[What is being asked]
Every line from the one containing "Kupferfarben-N" to the last line of the listing below should be given again exactly.

[Recorded data]
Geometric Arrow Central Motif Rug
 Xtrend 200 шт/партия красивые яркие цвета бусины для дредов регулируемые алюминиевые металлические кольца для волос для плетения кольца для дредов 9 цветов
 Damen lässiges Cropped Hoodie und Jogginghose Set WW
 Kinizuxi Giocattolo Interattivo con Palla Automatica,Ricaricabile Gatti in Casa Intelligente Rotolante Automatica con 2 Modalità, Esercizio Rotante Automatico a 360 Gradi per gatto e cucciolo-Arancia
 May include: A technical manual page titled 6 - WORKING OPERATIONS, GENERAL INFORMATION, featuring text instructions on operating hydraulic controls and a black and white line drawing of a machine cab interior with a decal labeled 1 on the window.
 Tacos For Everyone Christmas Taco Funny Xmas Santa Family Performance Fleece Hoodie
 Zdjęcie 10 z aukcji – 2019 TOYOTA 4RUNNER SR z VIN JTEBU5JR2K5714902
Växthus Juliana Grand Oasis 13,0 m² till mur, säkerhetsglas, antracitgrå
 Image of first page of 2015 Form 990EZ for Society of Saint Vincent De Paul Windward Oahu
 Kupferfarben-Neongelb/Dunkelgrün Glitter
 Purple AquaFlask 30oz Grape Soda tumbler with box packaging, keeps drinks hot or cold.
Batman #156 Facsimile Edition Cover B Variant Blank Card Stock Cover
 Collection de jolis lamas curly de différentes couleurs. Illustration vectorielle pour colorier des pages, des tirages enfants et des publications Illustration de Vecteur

[Exercise response]
 Kupferfarben-Neongelb/Dunkelgrün Glitter
 Purple AquaFlask 30oz Grape Soda tumbler with box packaging, keeps drinks hot or cold.
Batman #156 Facsimile Edition Cover B Variant Blank Card Stock Cover
 Collection de jolis lamas curly de différentes couleurs. Illustration vectorielle pour colorier des pages, des tirages enfants et des publications Illustration de Vecteur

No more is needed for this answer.